◆ Scraped caption text data:
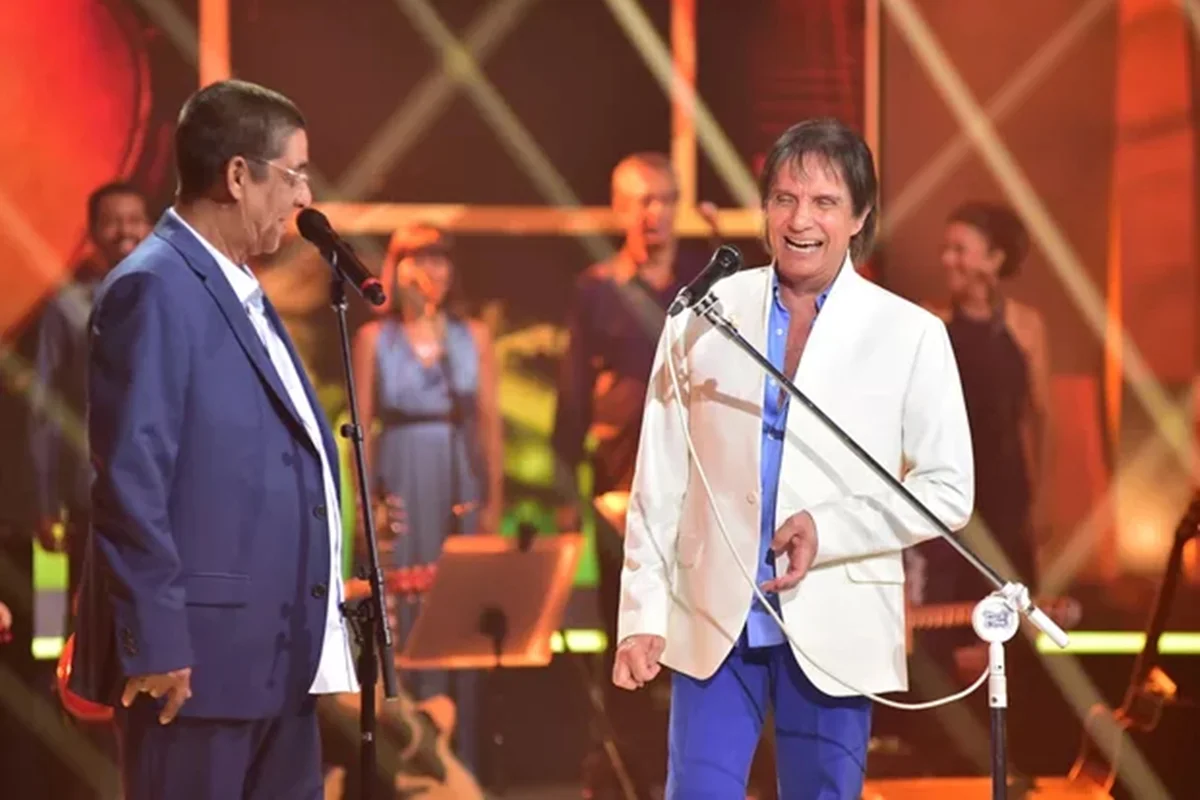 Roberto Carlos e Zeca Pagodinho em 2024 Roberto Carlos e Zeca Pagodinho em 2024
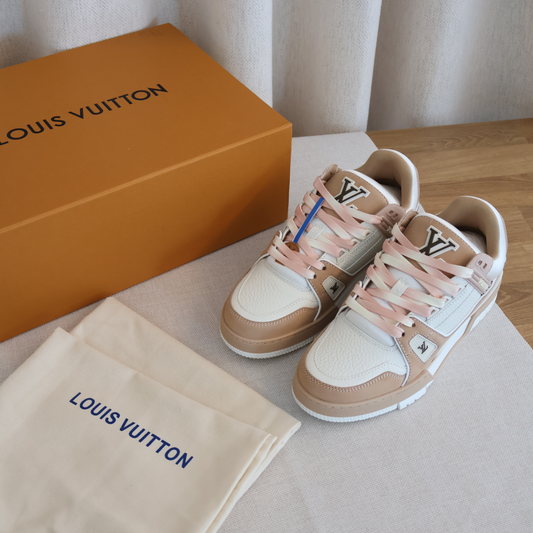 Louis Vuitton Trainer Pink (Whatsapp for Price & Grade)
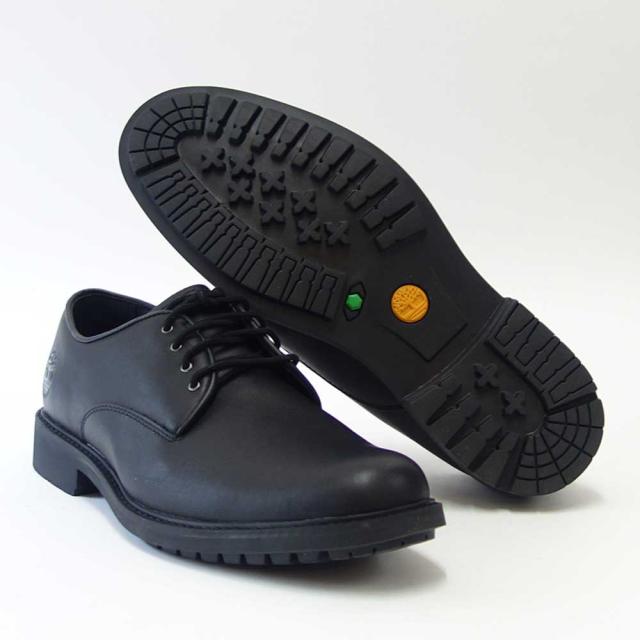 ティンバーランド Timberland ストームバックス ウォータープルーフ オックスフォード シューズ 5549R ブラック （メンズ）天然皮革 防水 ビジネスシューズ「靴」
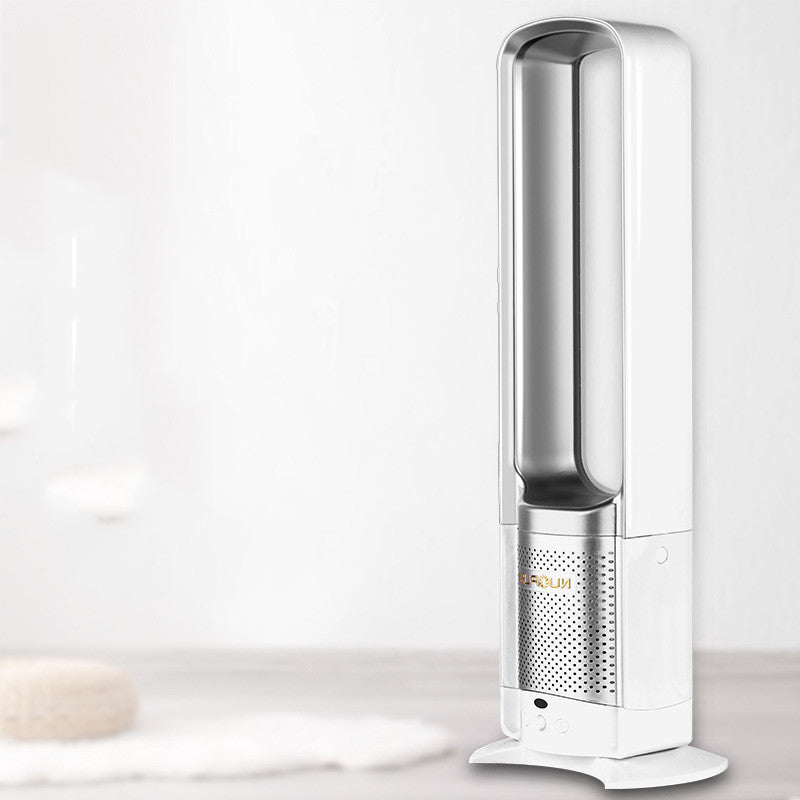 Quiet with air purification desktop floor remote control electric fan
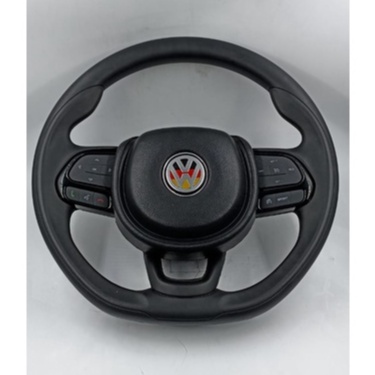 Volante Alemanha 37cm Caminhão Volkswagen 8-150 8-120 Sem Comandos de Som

◆ Directions for this task:
The answer should be an exact restatement of every entry, with the pictures omitted.

◆ Result:
 Roberto Carlos e Zeca Pagodinho em 2024 Roberto Carlos e Zeca Pagodinho em 2024
 Louis Vuitton Trainer Pink (Whatsapp for Price & Grade)
 ティンバーランド Timberland ストームバックス ウォータープルーフ オックスフォード シューズ 5549R ブラック （メンズ）天然皮革 防水 ビジネスシューズ「靴」
 Quiet with air purification desktop floor remote control electric fan
 Volante Alemanha 37cm Caminhão Volkswagen 8-150 8-120 Sem Comandos de Som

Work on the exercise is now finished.